Enquanto veículos que usam um híbrido de formatos tradicionais e digitais estão em alta, o crescimento de startups nativas digitais está estagnado. Esse é um dado surpreendente, segundo a pesquisa. Em sete das oito regiões, a porcentagem de redações “digital-only” caiu ou permaneceu a mesma desde 2017.

As únicas organizações que estão expandindo são as pequenas. Enquanto a maioria das redações continua demitindo profissionais, metade dos veículos com 25 ou menos pessoas aumentaram de tamanho nos últimos dois anos. A maioria deles é digital. Grande parte das redações é pequena. Mais da metade têm 10 ou menos profissionais full-time. Esses pequenos estão mais dispostos a cobrir notícias locais do que os grandes.

Governos e política dominam o noticiário, mas outros assuntos estão crescendo em atenção. Aproximadamente um terço dos jornalistas cobrem regularmente educação, saúde e economia. Veículos de rádio são os mais propensos a cobrir temas especializados. Um terço dos jornalistas diz que faz reportagens investigativas, sendo que 12% se identificam como repórteres investigativos.

3. As pessoas

Em quatro regiões do mundo, as mulheres estão tendo um progresso significativo nas redações. A maioria dos jornalistas na Europa e América do Norte são mulheres. Mas elas tendem a ter menos habilidades digitais do que os homens. Um quarto não tem nenhuma experiência digital quando são contratadas (entre os homens esse percentual é de 15%).

Os veículos não estão contratando mais especialistas em tecnologia. Eles representam somente 4% dos empregados das redações. Mais jornalistas estão sendo contratados com habilidades de criação de conteúdo digital, mas poucos têm experiência digital em cibersegurança e analytics, por exemplo.

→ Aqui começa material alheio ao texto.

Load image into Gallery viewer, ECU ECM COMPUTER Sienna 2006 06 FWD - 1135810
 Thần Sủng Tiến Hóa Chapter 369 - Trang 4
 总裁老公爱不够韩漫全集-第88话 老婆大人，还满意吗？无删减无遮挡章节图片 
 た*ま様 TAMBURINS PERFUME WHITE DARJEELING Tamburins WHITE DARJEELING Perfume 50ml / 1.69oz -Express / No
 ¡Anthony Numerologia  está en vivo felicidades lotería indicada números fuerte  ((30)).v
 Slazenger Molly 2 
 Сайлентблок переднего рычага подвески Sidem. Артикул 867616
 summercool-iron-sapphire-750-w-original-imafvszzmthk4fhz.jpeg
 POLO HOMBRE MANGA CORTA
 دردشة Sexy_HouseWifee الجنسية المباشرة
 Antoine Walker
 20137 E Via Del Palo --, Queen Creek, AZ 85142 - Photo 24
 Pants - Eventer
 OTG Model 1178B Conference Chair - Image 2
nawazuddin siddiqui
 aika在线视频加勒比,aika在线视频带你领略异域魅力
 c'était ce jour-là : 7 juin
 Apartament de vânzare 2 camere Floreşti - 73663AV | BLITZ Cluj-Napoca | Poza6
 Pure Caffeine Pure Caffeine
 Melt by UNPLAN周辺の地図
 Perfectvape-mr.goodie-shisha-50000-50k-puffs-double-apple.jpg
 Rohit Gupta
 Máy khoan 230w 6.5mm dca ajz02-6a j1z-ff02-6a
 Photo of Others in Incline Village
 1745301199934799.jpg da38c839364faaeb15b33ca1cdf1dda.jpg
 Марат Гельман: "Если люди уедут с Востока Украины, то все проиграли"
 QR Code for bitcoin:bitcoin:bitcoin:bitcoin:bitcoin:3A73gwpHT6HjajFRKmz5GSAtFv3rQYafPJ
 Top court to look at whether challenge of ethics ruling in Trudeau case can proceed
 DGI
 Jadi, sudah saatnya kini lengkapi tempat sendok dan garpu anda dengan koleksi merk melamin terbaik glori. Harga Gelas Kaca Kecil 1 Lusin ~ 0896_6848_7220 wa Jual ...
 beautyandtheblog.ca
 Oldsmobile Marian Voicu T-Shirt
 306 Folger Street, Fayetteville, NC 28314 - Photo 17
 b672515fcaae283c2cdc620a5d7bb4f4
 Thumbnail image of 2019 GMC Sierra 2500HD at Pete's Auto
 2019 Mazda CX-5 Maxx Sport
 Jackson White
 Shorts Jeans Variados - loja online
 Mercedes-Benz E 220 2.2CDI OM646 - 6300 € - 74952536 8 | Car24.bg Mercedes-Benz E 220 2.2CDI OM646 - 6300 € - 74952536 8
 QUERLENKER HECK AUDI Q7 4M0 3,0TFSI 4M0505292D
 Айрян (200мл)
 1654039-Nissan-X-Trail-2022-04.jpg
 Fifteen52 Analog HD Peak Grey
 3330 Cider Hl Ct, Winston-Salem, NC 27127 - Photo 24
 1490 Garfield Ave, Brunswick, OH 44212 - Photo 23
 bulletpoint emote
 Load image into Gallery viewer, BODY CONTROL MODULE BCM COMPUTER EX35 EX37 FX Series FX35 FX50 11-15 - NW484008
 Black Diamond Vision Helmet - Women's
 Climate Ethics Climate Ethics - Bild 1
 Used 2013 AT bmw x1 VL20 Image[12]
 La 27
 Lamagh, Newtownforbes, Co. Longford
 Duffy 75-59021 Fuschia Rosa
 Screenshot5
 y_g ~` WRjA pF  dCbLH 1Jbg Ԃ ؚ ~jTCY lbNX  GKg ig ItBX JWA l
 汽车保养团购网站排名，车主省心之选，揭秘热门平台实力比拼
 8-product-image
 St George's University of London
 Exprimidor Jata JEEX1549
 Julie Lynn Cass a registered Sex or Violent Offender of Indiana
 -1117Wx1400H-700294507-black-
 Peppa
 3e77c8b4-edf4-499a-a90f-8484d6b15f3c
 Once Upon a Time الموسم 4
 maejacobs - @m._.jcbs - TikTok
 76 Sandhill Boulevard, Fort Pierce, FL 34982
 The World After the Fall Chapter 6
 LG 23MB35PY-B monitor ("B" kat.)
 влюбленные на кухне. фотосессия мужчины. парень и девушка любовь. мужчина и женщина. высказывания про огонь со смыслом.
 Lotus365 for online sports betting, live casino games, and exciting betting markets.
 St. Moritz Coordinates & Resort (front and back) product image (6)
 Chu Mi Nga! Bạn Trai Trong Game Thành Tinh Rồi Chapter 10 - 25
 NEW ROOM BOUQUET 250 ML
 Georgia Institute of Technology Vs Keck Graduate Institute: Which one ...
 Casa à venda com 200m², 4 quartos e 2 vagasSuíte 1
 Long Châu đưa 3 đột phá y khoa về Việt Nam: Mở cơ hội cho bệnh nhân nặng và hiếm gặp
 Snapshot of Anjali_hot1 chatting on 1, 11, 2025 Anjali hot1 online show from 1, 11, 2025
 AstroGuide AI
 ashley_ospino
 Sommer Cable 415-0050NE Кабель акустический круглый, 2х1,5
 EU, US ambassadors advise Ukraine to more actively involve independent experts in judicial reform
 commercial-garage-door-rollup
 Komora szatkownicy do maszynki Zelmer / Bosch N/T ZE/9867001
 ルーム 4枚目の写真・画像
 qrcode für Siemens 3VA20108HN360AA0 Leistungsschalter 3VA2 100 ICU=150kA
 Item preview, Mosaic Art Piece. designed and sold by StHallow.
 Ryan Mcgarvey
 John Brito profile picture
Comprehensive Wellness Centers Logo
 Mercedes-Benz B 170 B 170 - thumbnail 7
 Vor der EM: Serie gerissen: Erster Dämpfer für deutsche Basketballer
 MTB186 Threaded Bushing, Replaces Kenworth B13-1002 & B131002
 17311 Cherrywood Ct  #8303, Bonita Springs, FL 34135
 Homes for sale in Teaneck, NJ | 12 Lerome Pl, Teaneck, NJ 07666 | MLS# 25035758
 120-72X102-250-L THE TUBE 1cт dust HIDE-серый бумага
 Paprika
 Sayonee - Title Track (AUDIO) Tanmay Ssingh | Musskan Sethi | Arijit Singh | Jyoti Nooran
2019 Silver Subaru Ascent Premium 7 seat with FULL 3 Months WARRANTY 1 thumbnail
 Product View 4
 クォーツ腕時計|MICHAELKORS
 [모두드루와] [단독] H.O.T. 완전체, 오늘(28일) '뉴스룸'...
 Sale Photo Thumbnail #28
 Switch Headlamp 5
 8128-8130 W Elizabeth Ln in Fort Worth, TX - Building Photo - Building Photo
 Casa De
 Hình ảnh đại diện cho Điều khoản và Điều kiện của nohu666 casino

A porcentagem de jornalistas com experiência em vídeo digital aumentou 10% em relação a 2017. 21% dos empregados desempenham funções digitais, como editor de mídias sociais e produtor de conteúdo digital.

As redações estão enfrentando dificuldades para preencher alguns cargos, ao mesmo tempo em que jornalistas estão lutando para encontrar emprego. 55% dos gestores acham difícil recrutar e reter jornalistas. Freelancing tem mais prevalência à medida que mais jornalistas perdem seus empregos.

4. As ferramentas

A maioria dos jornalistas acredita que as ferramentas digitais transformaram muitos aspectos de seus trabalhos, na maioria das vezes para melhor. Profissionais especializados em dados são muito mais comum hoje do que há dois anos. O uso de aplicativos de mensagem teve um boom, ultrapassando inclusive o Twitter. 69% dos jornalistas engaja a audiência pelo menos semanalmente via mensagens instantâneas. Redações de todo o mundo conta com um mix de formatos para distribuir seus conteúdos.

Os jornalistas demandam mais treinamento avançado do que suas redações oferecem. A área de maior interesse é a de jornalismo de dados. E eles preferem treinamentos intensivos a cursos rápidos. Enquanto as redações oferecem mais treinamento em produção de vídeo e áudio, os jornalistas gostariam de saber mais sobre cibersegurança, podcasting, ferramentas de fact-checking e divulgação de conteúdo nas mídias sociais. O gap entre demanda e disponibilidade é maior quando o assunto é inteligência artificial: 42% dos jornalistas querem treinamento, mas só 5% das redações oferecem.

5. O negócio

Gestores não estão mais tão obcecados com pageviews como estavam há dois anos. Elas ainda são importantes, mas a confiança nesta e em outras métricas caiu. O uso de quase todas as métricas diminuiu, com exceção de uma: alcance (número de pessoas expostas a um conteúdo). 44% dos jornalistas consultam os softwares de analytics uma vez por dia (em 2017 eram 29%). Mas entre os editores seniores o uso caiu de 64% para 46%.

54% dos gestores disseram que a publicidade não é mais a maior fonte de receita. Eles estão confiando em contribuições filantrópicas, financiamento do governo, conteúdo patrocinado, assinaturas impressas, doações da audiência e assinaturas online/ memberships. Mais de um quarto dos gestores espera que as assinaturas digitais se tornem uma fonte de receita-chave no próximo ano.